Conclusion: outside the PIIGS countries no one is prepared to do whatever it takes to solve the Eurocrisis. If Merkel was properly scared, she'd bite the bullet on the one thing that scares her even more than spending hundreds of billions of euros: inflation. Germany needs higher inflation. The Eurozone needs higher inflation. The ECB needs an inflation target of 3-4%, and Germany needs to aim for the top of that range. The only way to restore the balance between the centre and the periphery in our lifetimes is to increase inflation in the centre. PIIGS deflation is not going to do it. Inflation in Germany is the only way to make PIIGS-austerity not completely self-defeating. And yet Merkel cannot do it, won't do it, because the German's aren't scared yet. At this point in time, if Merkel proposed more inflation - or any ECB policy change that would result in more inflation - her voters would have her taken out back and shot.

In France, too, it's business as usual. Both the Socialists and the Sarkozists are lying through their teeth, as usual, explaining to their voters that the whole crisis is the fault of all that horrible Anglo-Saxon neo-liberalism, and that France will escape the crisis unhurt. Sarkozy is standing by the ESM - of course - and Hollande is saying he will renegotiate it without saying how.
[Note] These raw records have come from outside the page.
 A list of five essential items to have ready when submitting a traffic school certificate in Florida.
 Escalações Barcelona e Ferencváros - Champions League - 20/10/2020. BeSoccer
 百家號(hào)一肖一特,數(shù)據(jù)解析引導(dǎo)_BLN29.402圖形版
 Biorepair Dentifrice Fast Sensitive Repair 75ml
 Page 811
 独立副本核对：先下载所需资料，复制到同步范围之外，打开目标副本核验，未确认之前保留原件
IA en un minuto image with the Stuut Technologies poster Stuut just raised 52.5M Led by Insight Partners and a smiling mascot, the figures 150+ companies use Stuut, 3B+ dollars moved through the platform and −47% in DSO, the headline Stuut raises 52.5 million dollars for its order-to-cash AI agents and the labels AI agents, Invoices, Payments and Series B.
Beyond that, no one is talking about a structural solution because, in true French style, they don't even dare admit that there is a problem. So no, they're not scared yet.
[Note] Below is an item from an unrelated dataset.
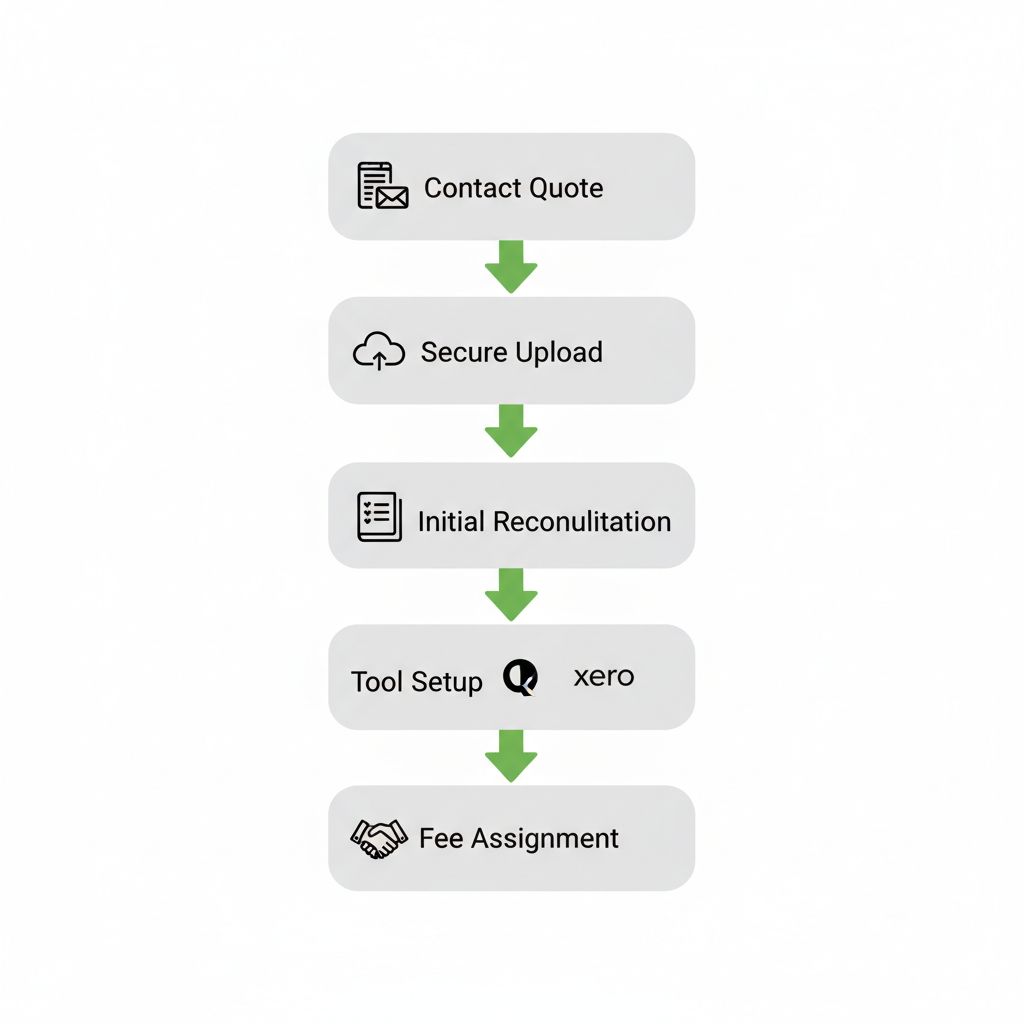 Vertical process flow diagram illustrating the five onboarding steps for bookkeeping services including contact, data upload, reconciliation, tool setup, and manager assignment.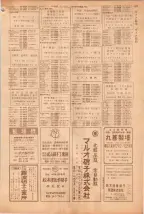 昭和39年5月1日職業別電話番号簿＜上＞大阪市 0679ページのサムネイル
As for the UK, which is the opposite of France in that in Britain even the socialists are conservative, they're too busy congratulating themselves with having had the "wisdom" to stay out of the Euro - as if rational deliberation had anything to do with that decision - to pay attention to their interest in pushing for a structural solution. In the meantime, they too are solving the problem of austerity-induced budget deficits with more austerity. So no, they're not scared yet, at least not about the right things.
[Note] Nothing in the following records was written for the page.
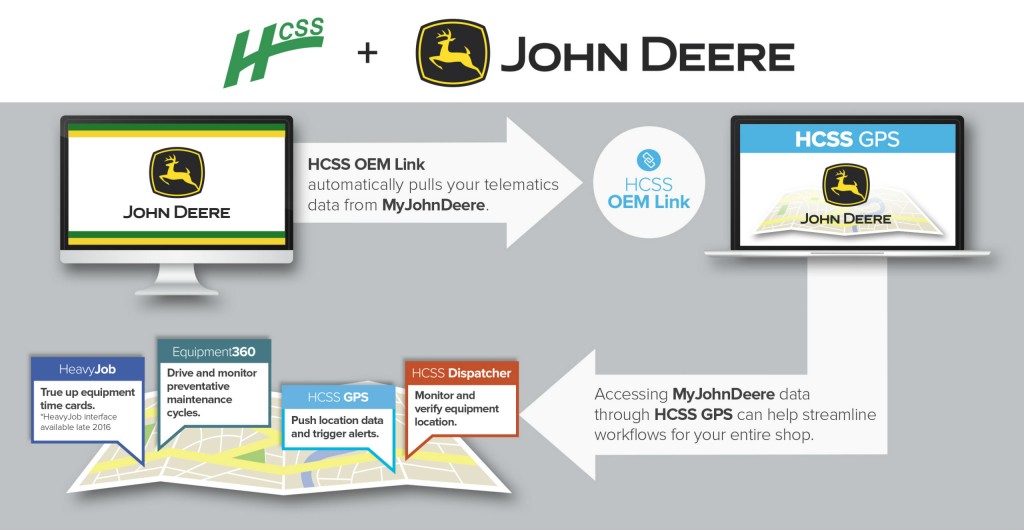 By integrating data from the John Deere JDLink system into HCSS OEM Link, customers will be able to use JDLink telematics data to drive and automate workflows in the HCSS suite of products.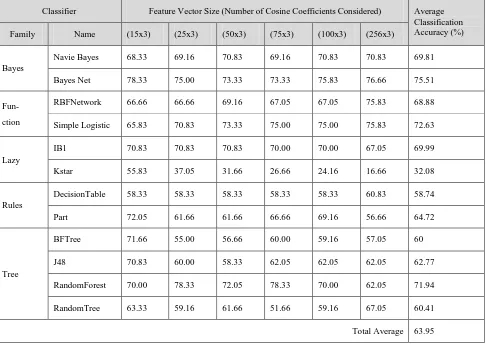 Table 1. Average percentage classification accuracy  of proposed content based image classification for various classifiers using cosine Transform.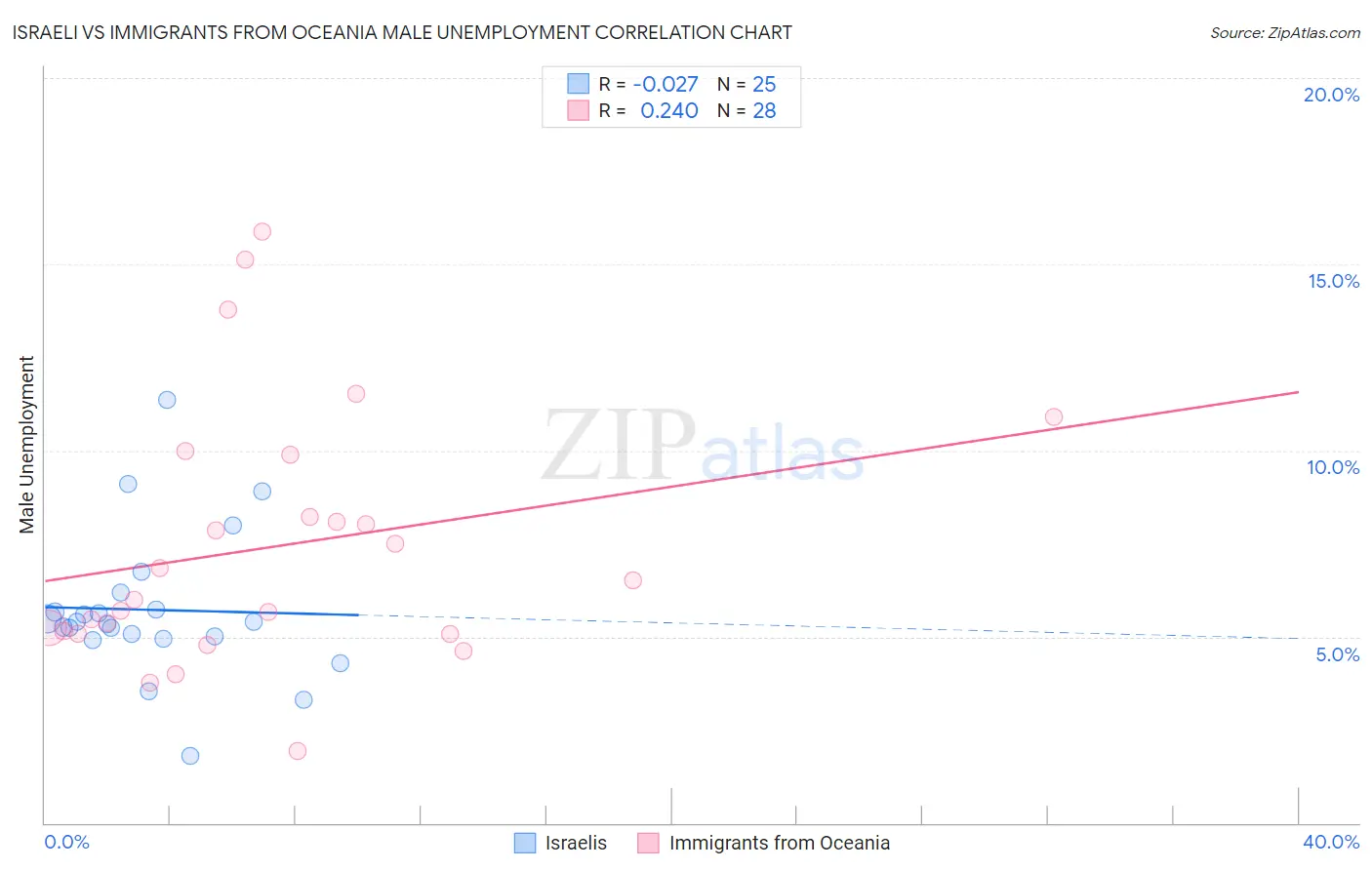 Israeli vs Immigrants from Oceania Male Unemployment
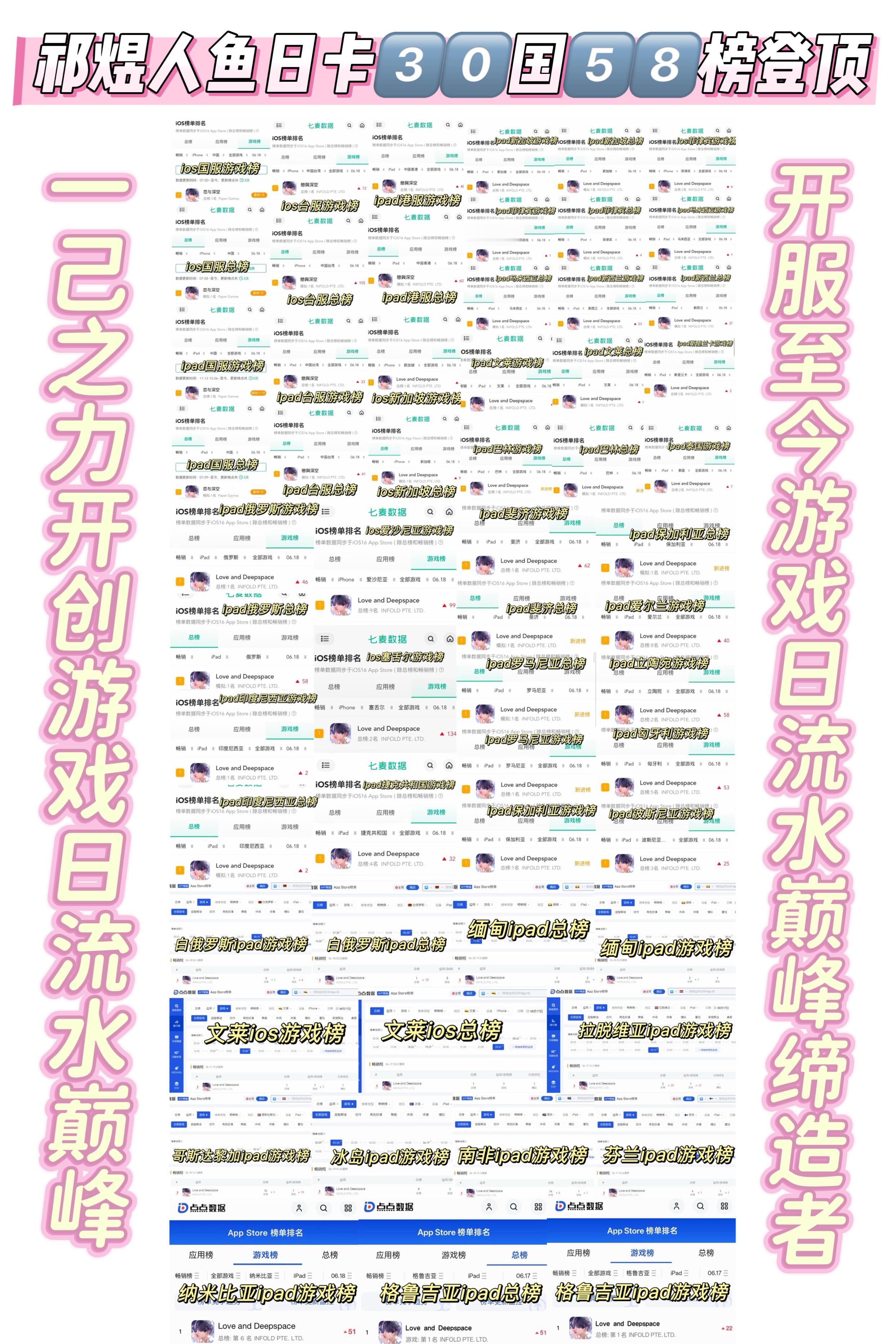 发一个鱼小妹爽文合集。省流版：祁煜是毋庸置疑的人气top，是流水、销量、单推数量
The Dutch are scared about Muslims and Polish, the Flemish are worried about Walloons, the Walloons are worried about the Flemish, the Scottish are trying to figure out whether they want to be independent, the Lithuanians are arguing with the Polish, the Hungarians are arguing with everybody, and nobody shows any real signs of being worried about anything. Or, to be precise, they're worried, but not about themselves. They're worried about others. They're trying to save the Greeks and the other PIIGS, but no one realises they're also trying to save themselves. And until they do, no real reform proposal will ever go anywhere.